• WHAT YOU NEED TO DO: Transcribe, word for word, every line from the one containing "Спінінг штекерний ET" through the final line of the records, and omit the pictures.

----- EXERCISE MATERIAL -----

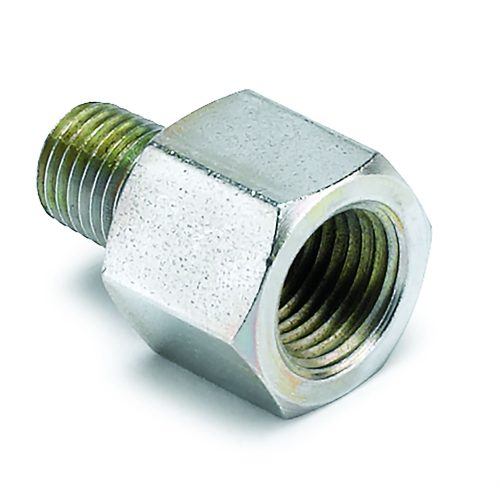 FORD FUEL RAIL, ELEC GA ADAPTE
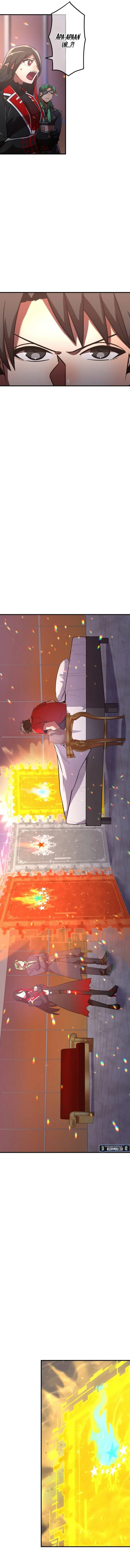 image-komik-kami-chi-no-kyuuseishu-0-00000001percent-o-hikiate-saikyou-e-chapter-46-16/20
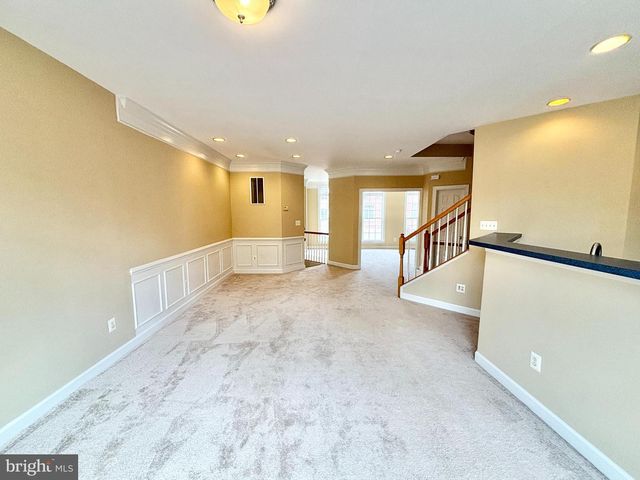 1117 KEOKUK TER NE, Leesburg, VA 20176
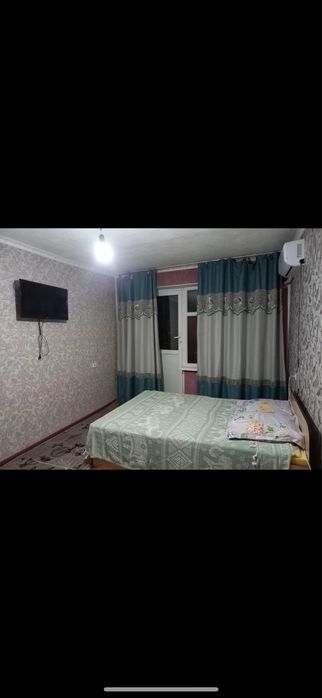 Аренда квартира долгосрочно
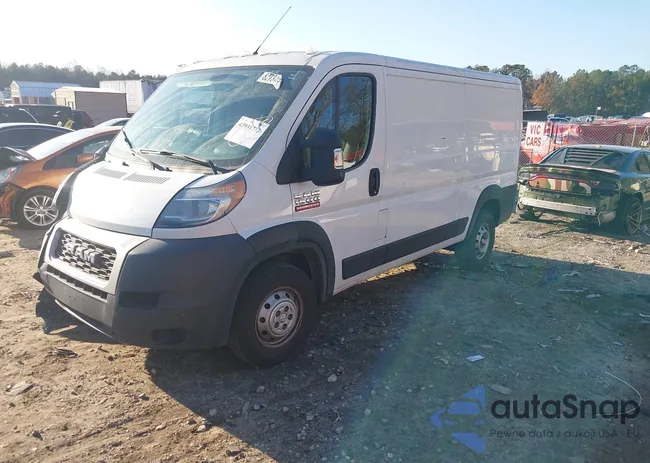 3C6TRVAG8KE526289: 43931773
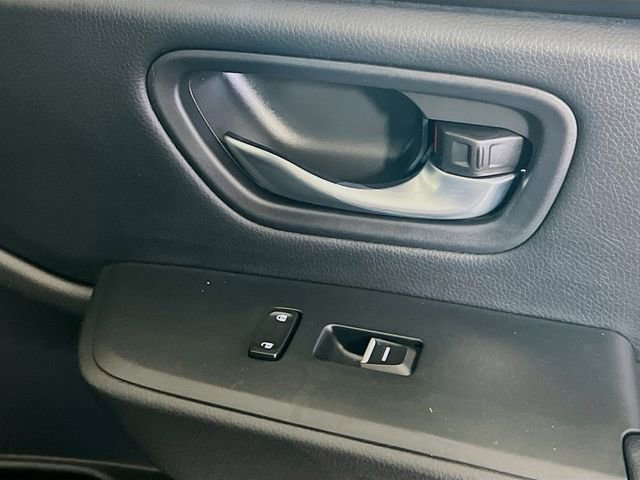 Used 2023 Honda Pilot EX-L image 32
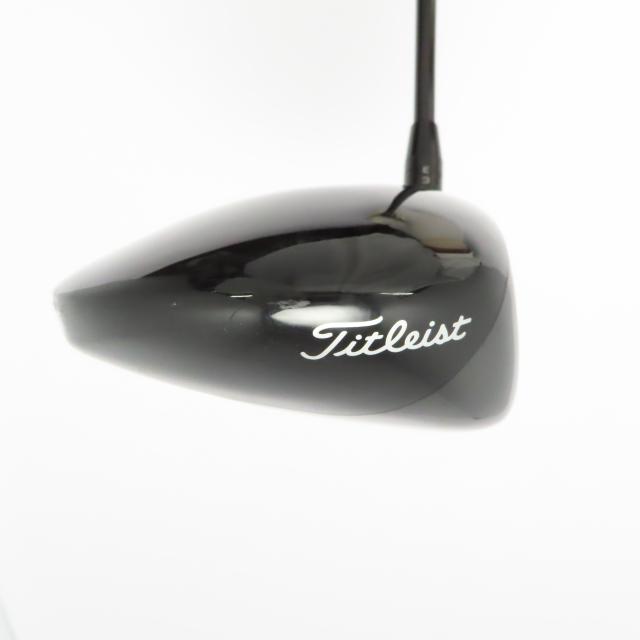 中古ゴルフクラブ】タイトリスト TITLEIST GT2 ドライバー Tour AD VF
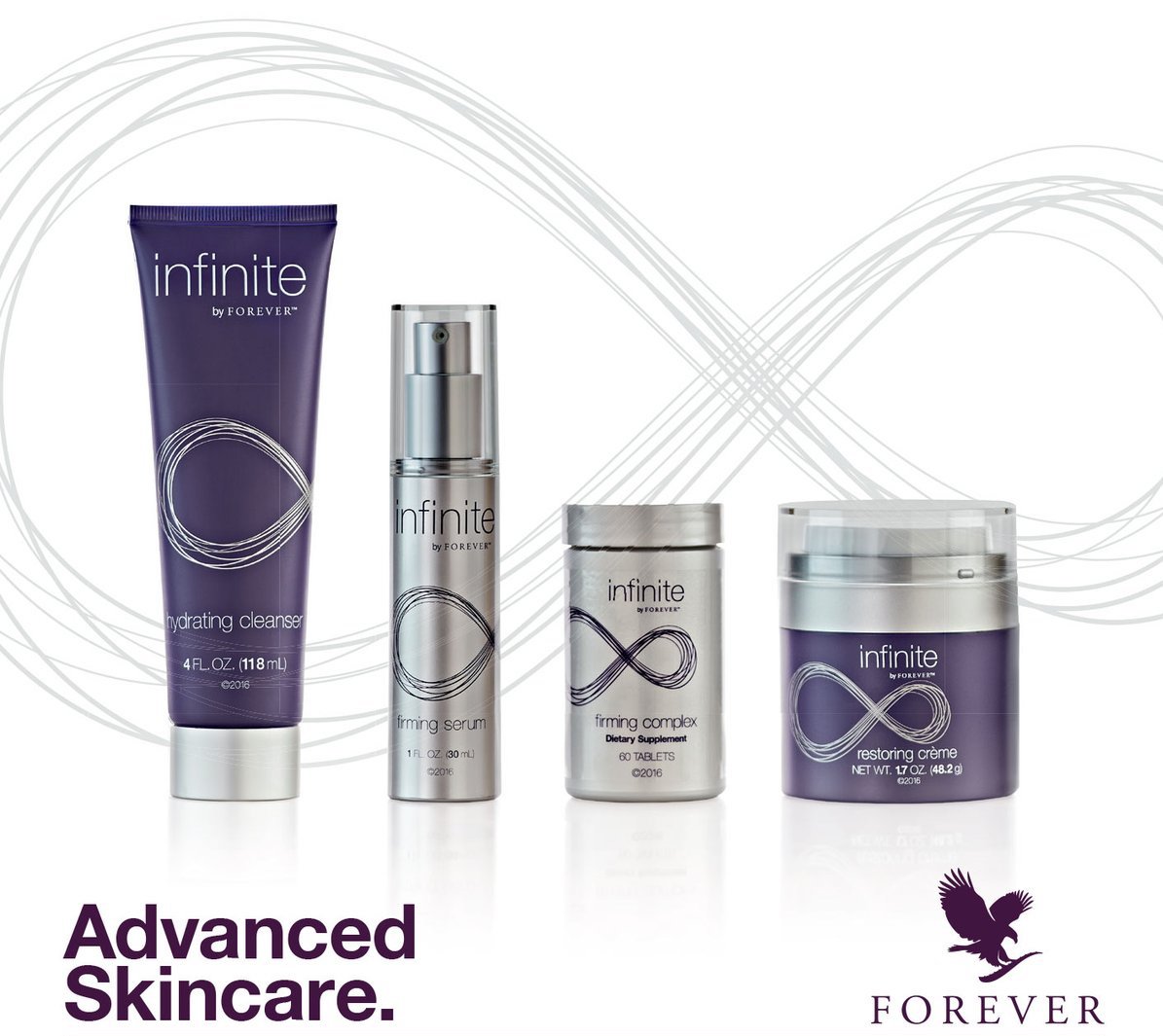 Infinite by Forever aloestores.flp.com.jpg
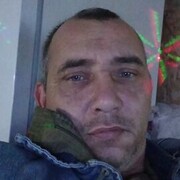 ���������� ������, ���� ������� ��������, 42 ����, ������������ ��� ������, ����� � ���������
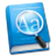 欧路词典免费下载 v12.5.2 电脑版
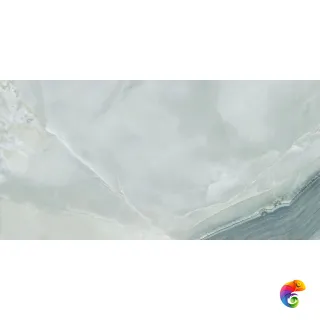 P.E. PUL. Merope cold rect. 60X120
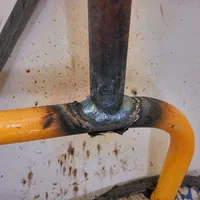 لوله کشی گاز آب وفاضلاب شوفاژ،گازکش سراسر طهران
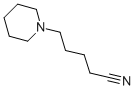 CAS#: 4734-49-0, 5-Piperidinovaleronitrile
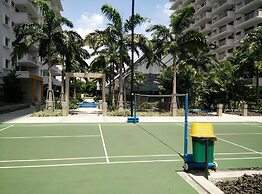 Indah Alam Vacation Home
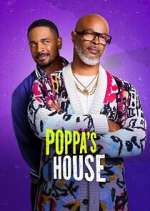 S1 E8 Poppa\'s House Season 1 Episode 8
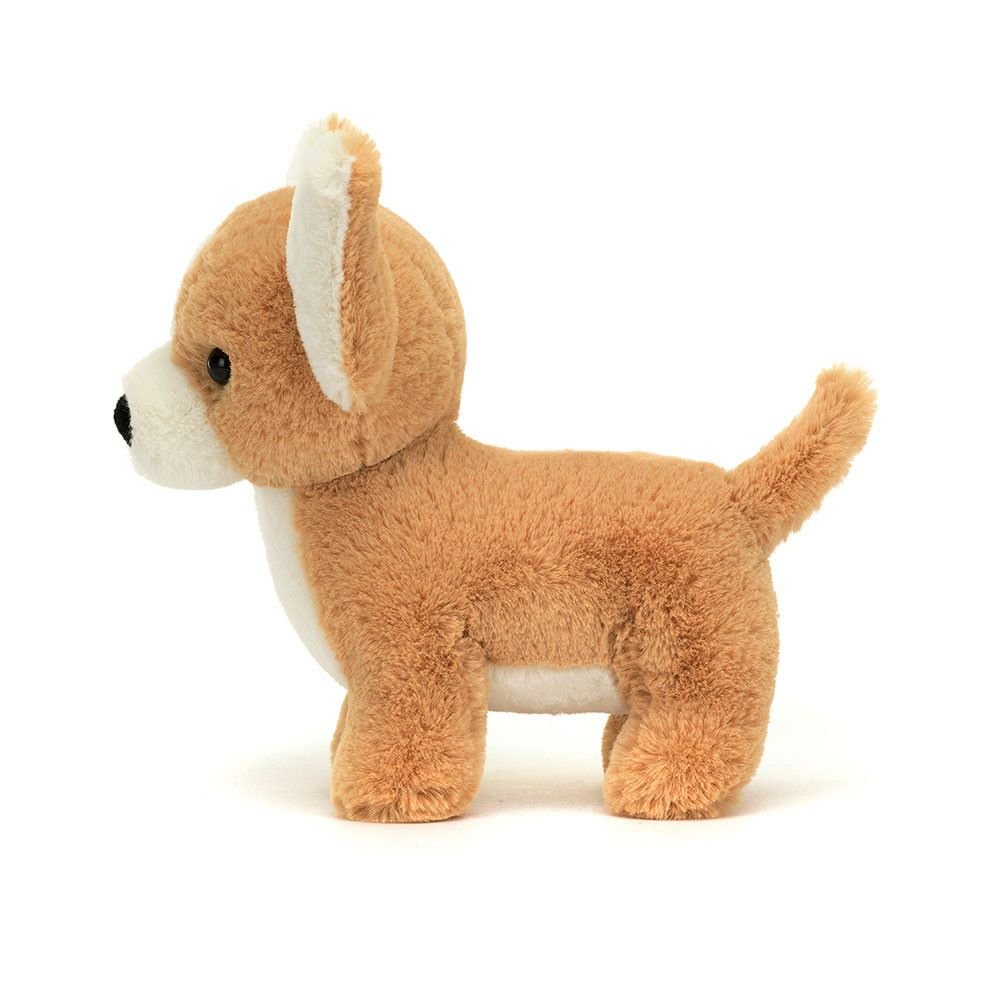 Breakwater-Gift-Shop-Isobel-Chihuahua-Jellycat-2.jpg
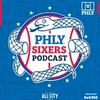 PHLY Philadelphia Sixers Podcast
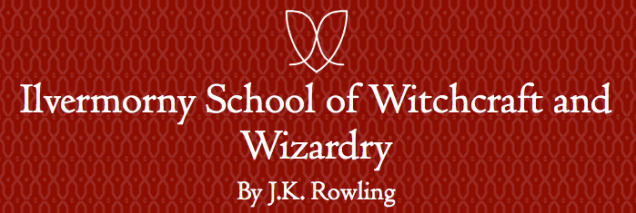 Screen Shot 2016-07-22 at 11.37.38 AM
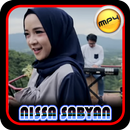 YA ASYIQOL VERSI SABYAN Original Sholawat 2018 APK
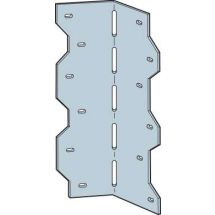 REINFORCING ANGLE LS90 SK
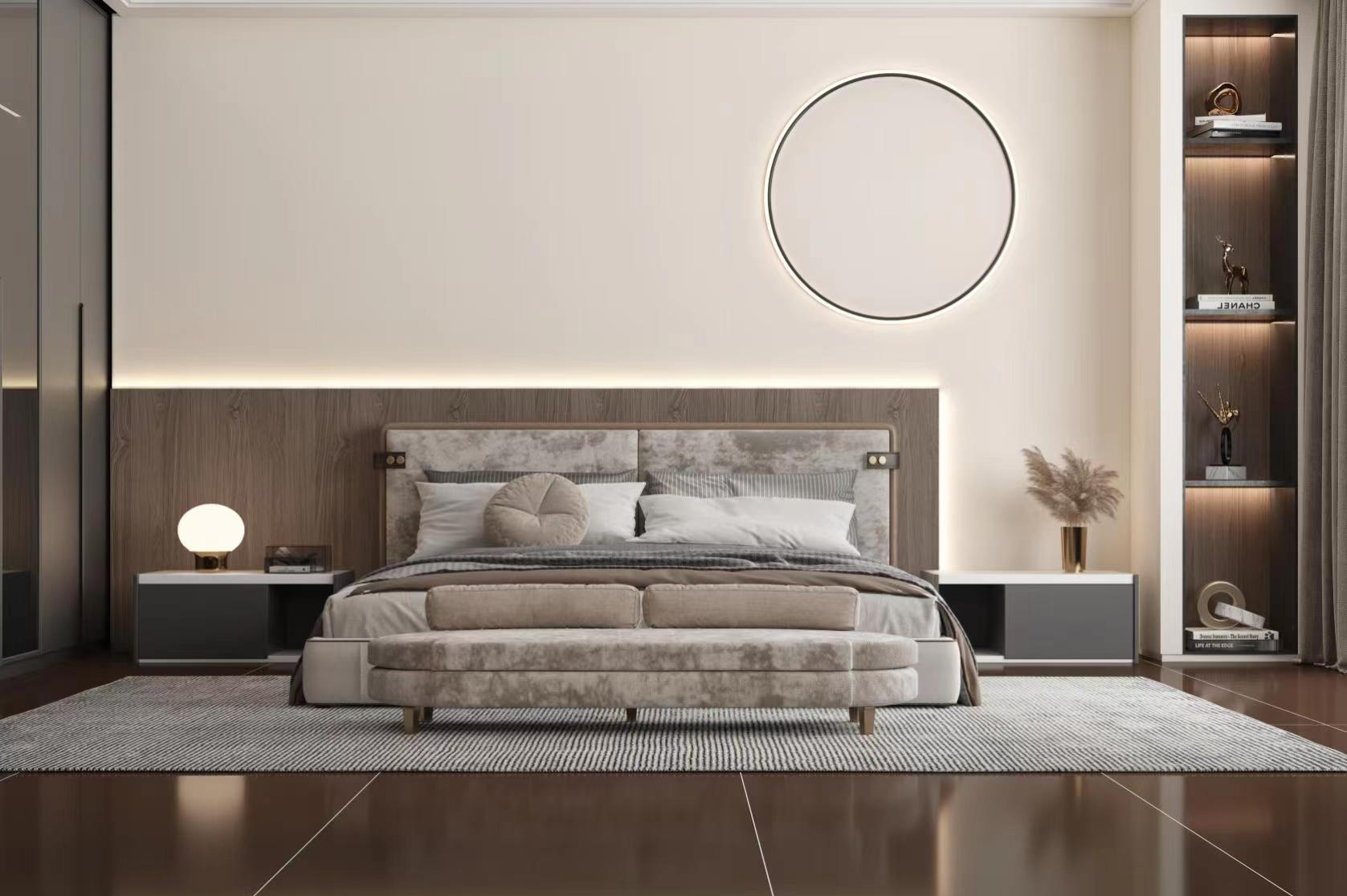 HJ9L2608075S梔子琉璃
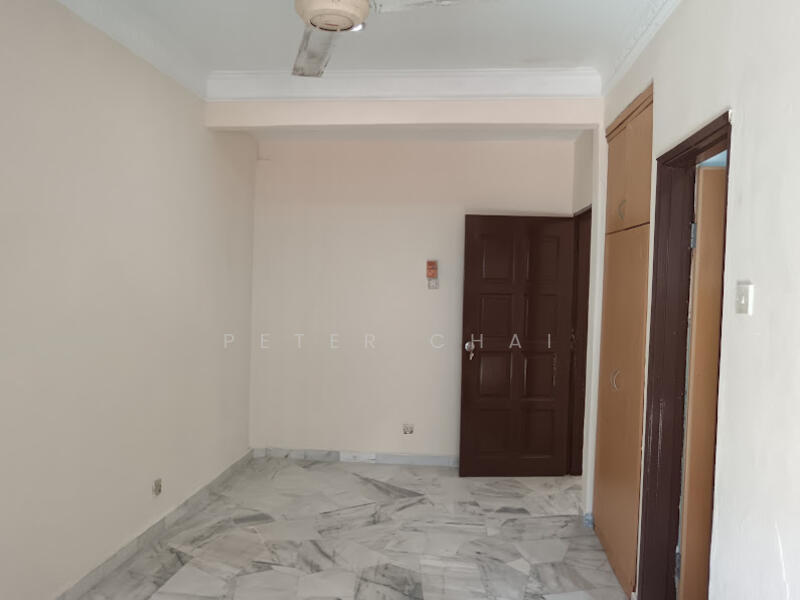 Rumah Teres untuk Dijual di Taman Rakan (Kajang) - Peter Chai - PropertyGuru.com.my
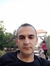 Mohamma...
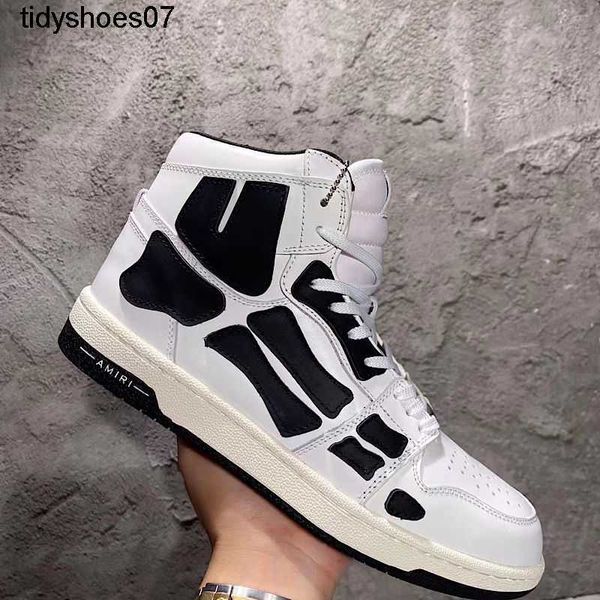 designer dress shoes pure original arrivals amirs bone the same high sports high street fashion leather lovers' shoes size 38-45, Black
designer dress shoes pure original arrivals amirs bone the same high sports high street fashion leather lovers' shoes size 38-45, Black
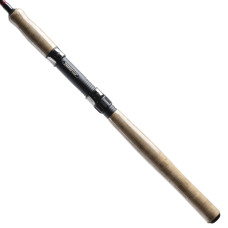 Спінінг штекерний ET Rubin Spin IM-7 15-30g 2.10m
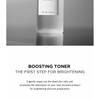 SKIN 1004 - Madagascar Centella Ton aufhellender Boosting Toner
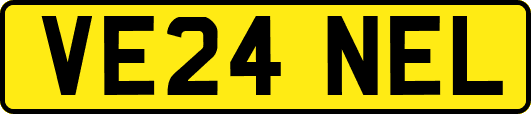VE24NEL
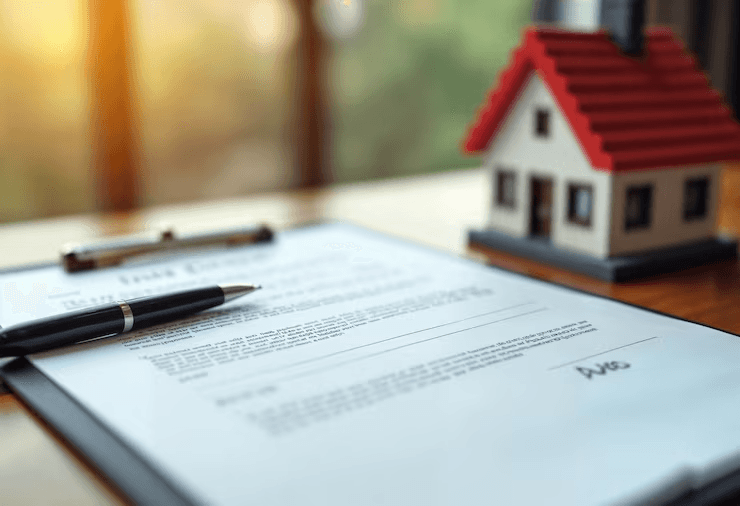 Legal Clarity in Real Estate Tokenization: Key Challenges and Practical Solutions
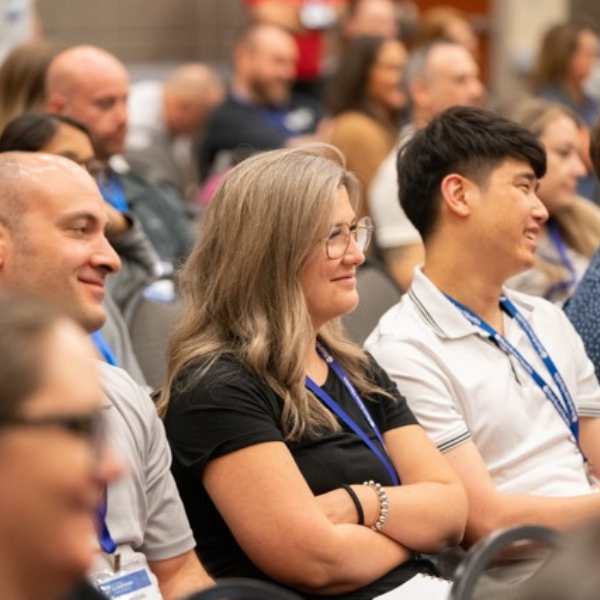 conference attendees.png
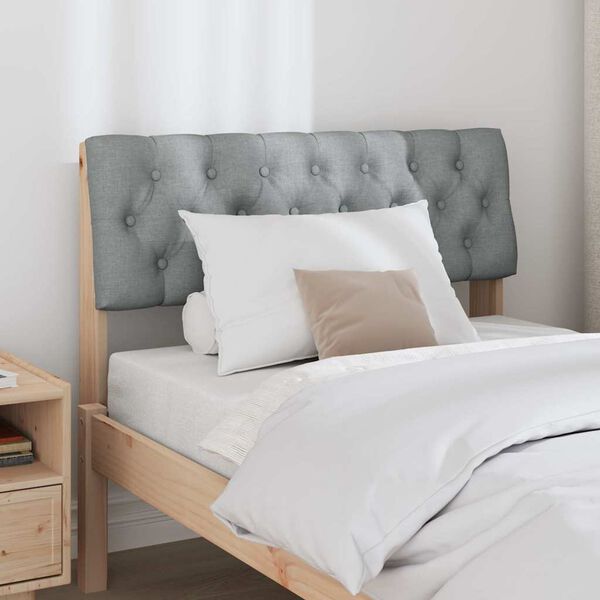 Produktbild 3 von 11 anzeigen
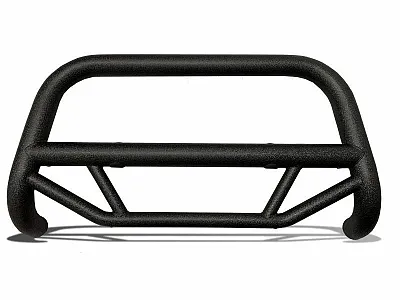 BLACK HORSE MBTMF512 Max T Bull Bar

-----

• SOLUTION TO THIS PROBLEM:
 Спінінг штекерний ET Rubin Spin IM-7 15-30g 2.10m
 SKIN 1004 - Madagascar Centella Ton aufhellender Boosting Toner
VE24NEL
 Legal Clarity in Real Estate Tokenization: Key Challenges and Practical Solutions
 conference attendees.png
 Produktbild 3 von 11 anzeigen
 BLACK HORSE MBTMF512 Max T Bull Bar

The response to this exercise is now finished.